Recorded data
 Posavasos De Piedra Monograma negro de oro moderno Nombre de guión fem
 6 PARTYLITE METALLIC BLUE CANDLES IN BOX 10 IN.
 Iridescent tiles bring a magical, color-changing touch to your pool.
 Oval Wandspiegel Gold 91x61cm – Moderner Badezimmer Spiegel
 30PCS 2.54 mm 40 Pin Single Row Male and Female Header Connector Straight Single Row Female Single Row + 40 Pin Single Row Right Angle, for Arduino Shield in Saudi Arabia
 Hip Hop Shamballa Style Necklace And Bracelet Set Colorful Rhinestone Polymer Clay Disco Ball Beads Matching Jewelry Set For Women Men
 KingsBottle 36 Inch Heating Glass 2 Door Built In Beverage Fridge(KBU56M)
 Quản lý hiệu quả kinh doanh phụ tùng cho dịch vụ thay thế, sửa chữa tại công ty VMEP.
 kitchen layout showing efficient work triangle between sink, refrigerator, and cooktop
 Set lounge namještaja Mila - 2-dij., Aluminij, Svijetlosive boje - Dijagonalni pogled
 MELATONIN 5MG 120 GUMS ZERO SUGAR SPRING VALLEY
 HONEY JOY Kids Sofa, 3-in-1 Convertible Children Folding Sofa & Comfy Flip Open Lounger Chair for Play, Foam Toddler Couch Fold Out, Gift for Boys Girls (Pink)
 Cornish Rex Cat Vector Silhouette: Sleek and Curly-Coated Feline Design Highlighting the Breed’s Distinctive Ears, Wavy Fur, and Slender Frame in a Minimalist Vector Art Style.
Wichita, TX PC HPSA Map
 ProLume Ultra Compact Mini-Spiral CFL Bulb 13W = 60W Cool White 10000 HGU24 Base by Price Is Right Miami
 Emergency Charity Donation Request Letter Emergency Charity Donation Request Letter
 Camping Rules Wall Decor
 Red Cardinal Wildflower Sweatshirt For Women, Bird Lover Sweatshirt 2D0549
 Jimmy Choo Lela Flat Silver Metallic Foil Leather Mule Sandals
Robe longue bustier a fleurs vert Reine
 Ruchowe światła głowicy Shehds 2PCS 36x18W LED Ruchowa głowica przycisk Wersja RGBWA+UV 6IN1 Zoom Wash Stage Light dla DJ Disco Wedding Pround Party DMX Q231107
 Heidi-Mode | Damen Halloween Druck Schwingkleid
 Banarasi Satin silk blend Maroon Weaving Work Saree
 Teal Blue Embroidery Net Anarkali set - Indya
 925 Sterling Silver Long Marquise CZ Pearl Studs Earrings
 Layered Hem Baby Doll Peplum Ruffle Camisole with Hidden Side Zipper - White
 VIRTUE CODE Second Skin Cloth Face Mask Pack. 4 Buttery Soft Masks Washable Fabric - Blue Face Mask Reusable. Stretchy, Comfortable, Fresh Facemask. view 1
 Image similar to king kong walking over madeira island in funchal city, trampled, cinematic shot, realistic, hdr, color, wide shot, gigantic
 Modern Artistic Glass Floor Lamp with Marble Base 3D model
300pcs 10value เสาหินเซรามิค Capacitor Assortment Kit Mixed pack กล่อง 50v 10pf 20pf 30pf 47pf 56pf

Exercise description:
There is a run of lines above from the one with "ProLume Ultra Compact" to the one with "Teal Blue Embroidery"; print exactly that run, both ends included, and nothing else.

Written answer:
 ProLume Ultra Compact Mini-Spiral CFL Bulb 13W = 60W Cool White 10000 HGU24 Base by Price Is Right Miami
 Emergency Charity Donation Request Letter Emergency Charity Donation Request Letter
 Camping Rules Wall Decor
 Red Cardinal Wildflower Sweatshirt For Women, Bird Lover Sweatshirt 2D0549
 Jimmy Choo Lela Flat Silver Metallic Foil Leather Mule Sandals
Robe longue bustier a fleurs vert Reine
 Ruchowe światła głowicy Shehds 2PCS 36x18W LED Ruchowa głowica przycisk Wersja RGBWA+UV 6IN1 Zoom Wash Stage Light dla DJ Disco Wedding Pround Party DMX Q231107
 Heidi-Mode | Damen Halloween Druck Schwingkleid
 Banarasi Satin silk blend Maroon Weaving Work Saree
 Teal Blue Embroidery Net Anarkali set - Indya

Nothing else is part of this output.